__TASK GOAL__: What this exercise calls for is an exact copy of the data.

── RECORDS SUPPLIED

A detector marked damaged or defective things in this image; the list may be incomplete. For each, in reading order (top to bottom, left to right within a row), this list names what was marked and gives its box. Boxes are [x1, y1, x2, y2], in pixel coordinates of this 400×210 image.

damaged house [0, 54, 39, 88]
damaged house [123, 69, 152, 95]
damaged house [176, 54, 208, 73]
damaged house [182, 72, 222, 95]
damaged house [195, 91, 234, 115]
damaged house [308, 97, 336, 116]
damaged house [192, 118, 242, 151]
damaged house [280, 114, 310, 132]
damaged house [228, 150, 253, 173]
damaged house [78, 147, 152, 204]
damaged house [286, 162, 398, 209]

────

__SOLUTION FOR THIS PROBLEM__:
A detector marked damaged or defective things in this image; the list may be incomplete. For each, in reading order (top to bottom, left to right within a row), this list names what was marked and gives its box. Boxes are [x1, y1, x2, y2], in pixel coordinates of this 400×210 image.

damaged house [0, 54, 39, 88]
damaged house [123, 69, 152, 95]
damaged house [176, 54, 208, 73]
damaged house [182, 72, 222, 95]
damaged house [195, 91, 234, 115]
damaged house [308, 97, 336, 116]
damaged house [192, 118, 242, 151]
damaged house [280, 114, 310, 132]
damaged house [228, 150, 253, 173]
damaged house [78, 147, 152, 204]
damaged house [286, 162, 398, 209]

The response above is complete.